How are you managing in the Great Winter of February 2009? Last Monday, large flakes of white stuff fell out of the sky and the London newspapers went a tad bonkers:

UK SNOW CHAOS, BRITAIN CRIPPLED BY HEAVIEST SNOWFALL IN 18 YEARS, ARCTIC WEATHER HITS ENGLAND, LONDON OVERWHELMED, I LOVE BEING STRANDED SAYS PHILLIP SCHOFIELD.

Translated from tabloid-speak, all this meant was that the headline writers in London couldn’t go out without getting snow on their Guccis. The buses had stopped running, there wasn’t a taxi to be found and their favourite restaurants had run out of sushi.

Confronted by chaos and confusion at Heathrow, a Canadian traveller remarked: “This isn’t snow, this barely qualifies as dandruff.”

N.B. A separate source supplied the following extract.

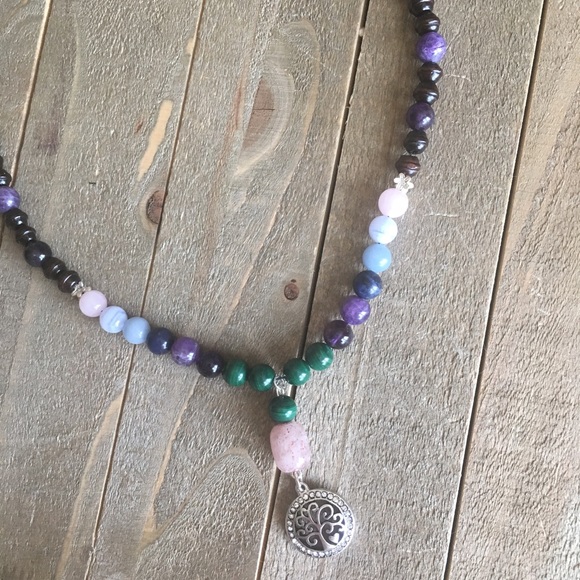 Energy Healing Bracelet With Flower Charm - Picture 4 of 6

Clearly he hadn’t grasped the seriousness of the situation. Had he not picked up a paper? Was he not aware that a new ice age had dawned and civilisation was about to disintegrate?

The end of the world was explored in a recent BBC drama. SURVIVORS was about a group of plucky Brits who were among the last people left after a particularly virulent outbreak of bird flu. They banded together, squabbled incessantly and survived in their harsh, new environment by recycling TV scripts from the 1970s.

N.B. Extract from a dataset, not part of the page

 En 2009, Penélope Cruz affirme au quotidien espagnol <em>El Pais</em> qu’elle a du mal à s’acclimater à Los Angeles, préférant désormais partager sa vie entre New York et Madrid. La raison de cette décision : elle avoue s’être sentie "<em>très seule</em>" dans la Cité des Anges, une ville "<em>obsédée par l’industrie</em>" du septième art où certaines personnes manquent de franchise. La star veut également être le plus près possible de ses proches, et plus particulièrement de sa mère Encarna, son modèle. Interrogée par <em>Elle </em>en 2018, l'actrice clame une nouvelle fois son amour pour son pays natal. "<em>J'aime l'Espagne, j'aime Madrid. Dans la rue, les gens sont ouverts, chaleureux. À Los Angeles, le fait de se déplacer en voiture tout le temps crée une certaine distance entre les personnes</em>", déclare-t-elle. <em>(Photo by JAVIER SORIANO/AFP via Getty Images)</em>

I was musing on this as I tried to decide which of the dogs to sacrifice when we get snowed in and ran out of food. If Britain’s infrastructure collapses under the weight of snow and we’re left to our own devices, what happens next?

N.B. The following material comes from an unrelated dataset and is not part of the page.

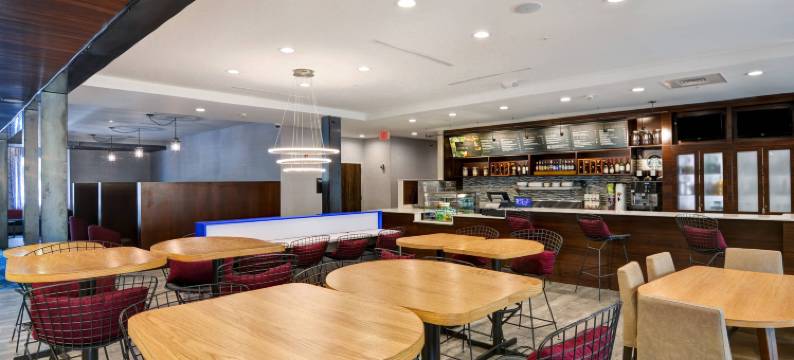 长岛艾斯利普/法院大楼万怡酒店(Courtyard Long Island Islip/Courthouse Complex)图片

The situation in the south east could become quite Darwinian: ten centimetre snow drifts and the lack of public transport will quickly dispose of the weak and unfit. The commuting classes will be too bewildered to fend for themselves and perish horribly on station platforms. Middle England will resonate with Daily Mail readers exploding at the paucity of blitz spirit and grit.

Deprived of botox and publicity, celebrities will be the next to go. Supermodels are too thin to survive more than five minutes without flash photography. Being of greater girth, bankers will probably last longer. Unfortunately, they’ll be the least use. On the positive side, we can eat them when we run out of tinned stuff, along with the tubby teenagers everyone is worried about.

Experts say that the most important asset for survival is a robust, positive attitude.

When the end of the world arrives, I’d recommend sticking close to a Canadian.